On land, meanwhile, the Leyte landings quickly developed into a protracted, vicious struggle. The GIs had to battle monsoon rains and knee-deep mud in addition to reinforced hordes of Japanese infantrymen. As Allied decrypts revealed, the Japanese high command had resolved to make Leyte the climactic battle of the Philippines, possibly the turning point in the Pacific war. They poured in reserves of manpower and resources prodigally, drawing troops from as far away as Manchuria and planes from homeland defenses.

But for Allied decodes, the fighting would have gone worse for the GIs. Allied codebreakers supplied precise information about the routes of reinforcement convoys, and U.S. planes and submarines sank nearly three hundred marus and transports during the battle. One reinforcement flotilla was so thoroughly mauled that the only soldiers to reach the island were the ones who swam in from their sinking transports. Another convoy, bearing troops from Manchuria, was smashed by wolf packs of U.S. subs even before it could leave the China Sea.
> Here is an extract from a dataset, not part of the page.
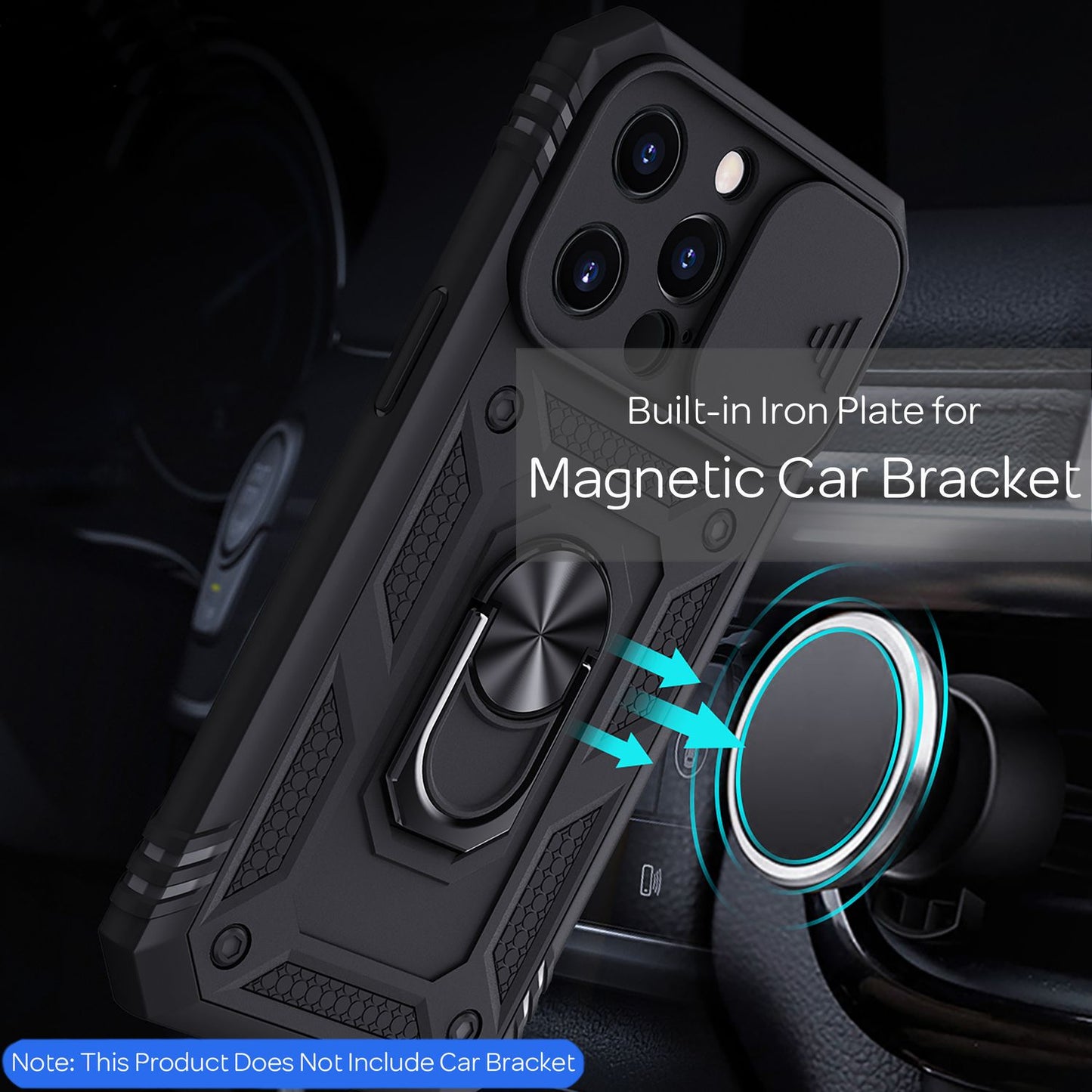 NALIA Military-Style Ringhülle kompatibel mit iPhone 13 Pro Hülle, Extrem Schützend mit Display-Rahmen & Kamera-Abdeckung, 360° Ring für Standfunktion & KFZ-Halterung, Hardcase Robust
Although MacArthur drove his commanders impatiently, he maneuvered to avoid costly frontal attacks. He kept the defenders off balance with strikes where they least expected them and with another triphibious end run that cut the enemy forces in two. The ground battles on Leyte destroyed more than five Japanese divisions.

The General would have fought against admitting it, but Leyte was, as Edward Drea has documented, a codebreakers' victory, one in which signals intelligence had "a starring role." As Drea summed up, "The Japanese high command, operating on woefully bad intelligence, gambled all at Leyte and lost. The American high command, acting on very good intelligence, took a well-calculated risk and won." The island was finally secured at Christmastime in 1944.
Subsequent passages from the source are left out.